_Required action_:
Wherever the line with "DS-KD-ACF1 | BASE" sits in the listing below, transcribe from it up to and including the line with "Virtuális valóság játék", exactly, and leave the remaining lines out.

_Supplied records_:
----

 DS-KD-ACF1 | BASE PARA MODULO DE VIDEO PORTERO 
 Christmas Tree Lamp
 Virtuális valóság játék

----

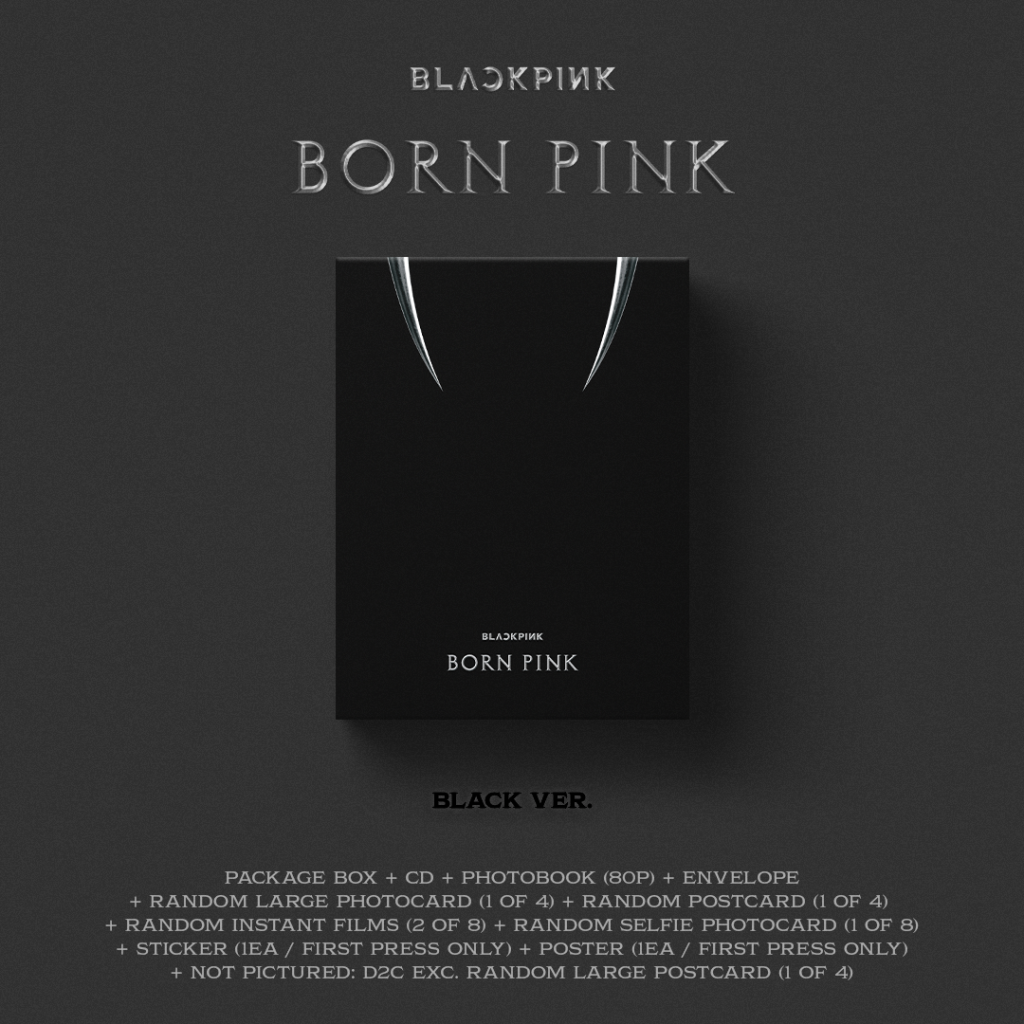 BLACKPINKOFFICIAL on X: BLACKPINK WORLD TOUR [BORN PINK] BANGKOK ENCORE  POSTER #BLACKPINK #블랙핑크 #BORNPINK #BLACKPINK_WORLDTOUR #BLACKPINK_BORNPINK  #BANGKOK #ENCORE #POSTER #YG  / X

----

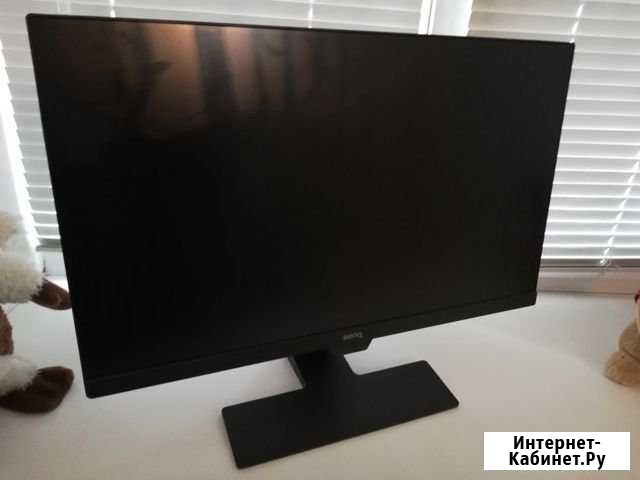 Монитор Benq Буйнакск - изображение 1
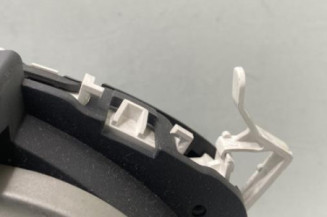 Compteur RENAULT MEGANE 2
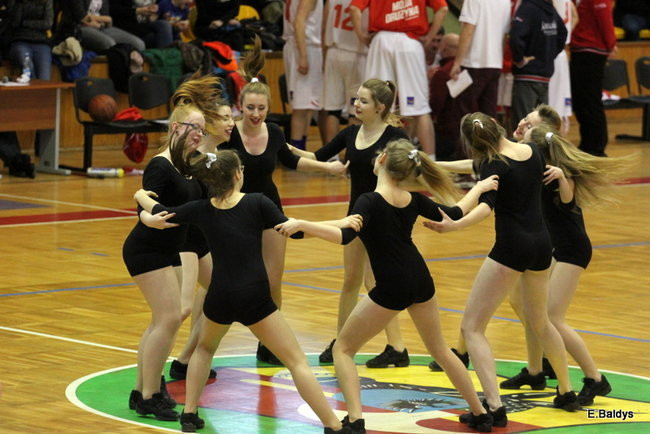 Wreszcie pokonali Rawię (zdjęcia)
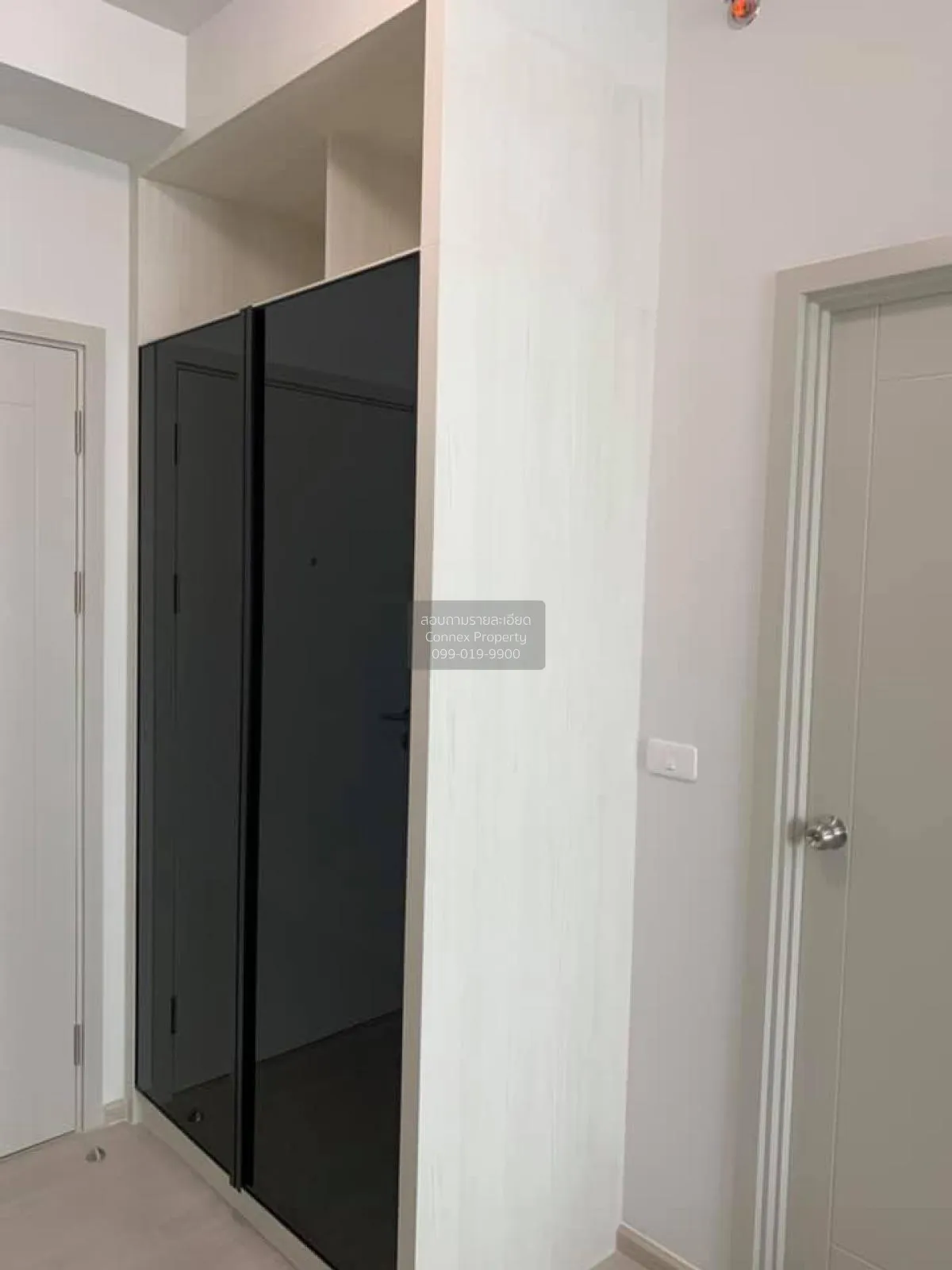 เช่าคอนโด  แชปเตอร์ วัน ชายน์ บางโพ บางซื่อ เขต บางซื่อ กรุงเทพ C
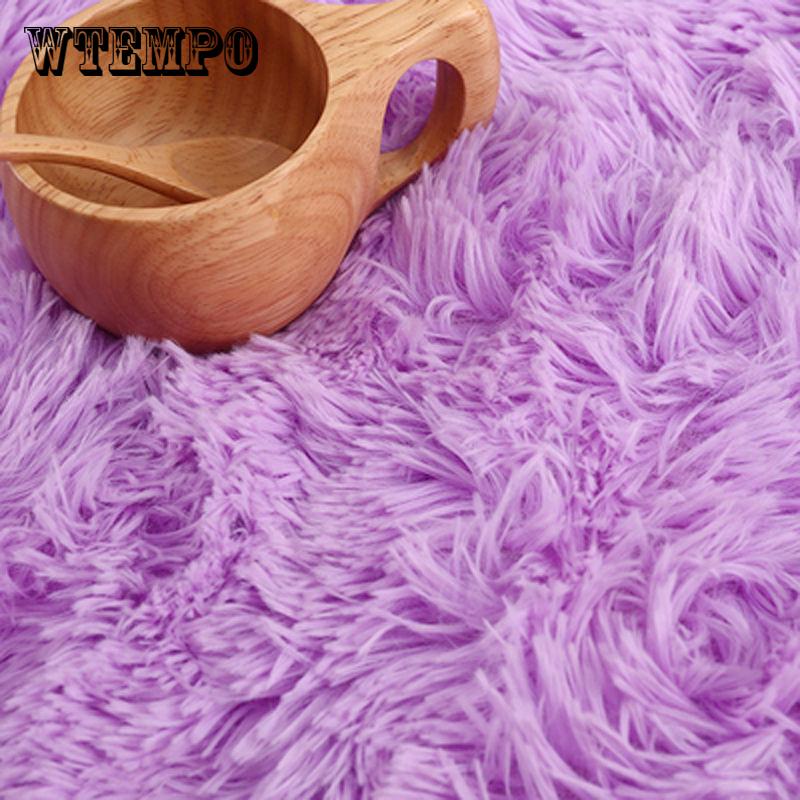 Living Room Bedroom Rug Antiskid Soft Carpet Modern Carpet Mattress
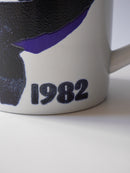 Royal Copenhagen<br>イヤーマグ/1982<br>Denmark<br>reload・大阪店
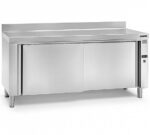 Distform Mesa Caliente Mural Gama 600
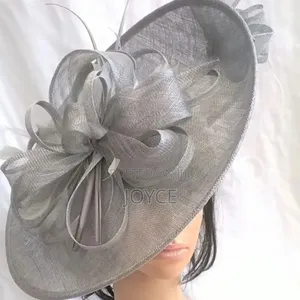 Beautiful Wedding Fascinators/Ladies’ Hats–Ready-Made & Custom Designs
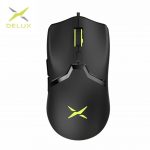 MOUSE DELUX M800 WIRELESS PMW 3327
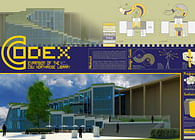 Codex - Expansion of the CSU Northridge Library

----

_Exercise response_:
 DS-KD-ACF1 | BASE PARA MODULO DE VIDEO PORTERO 
 Christmas Tree Lamp
 Virtuális valóság játék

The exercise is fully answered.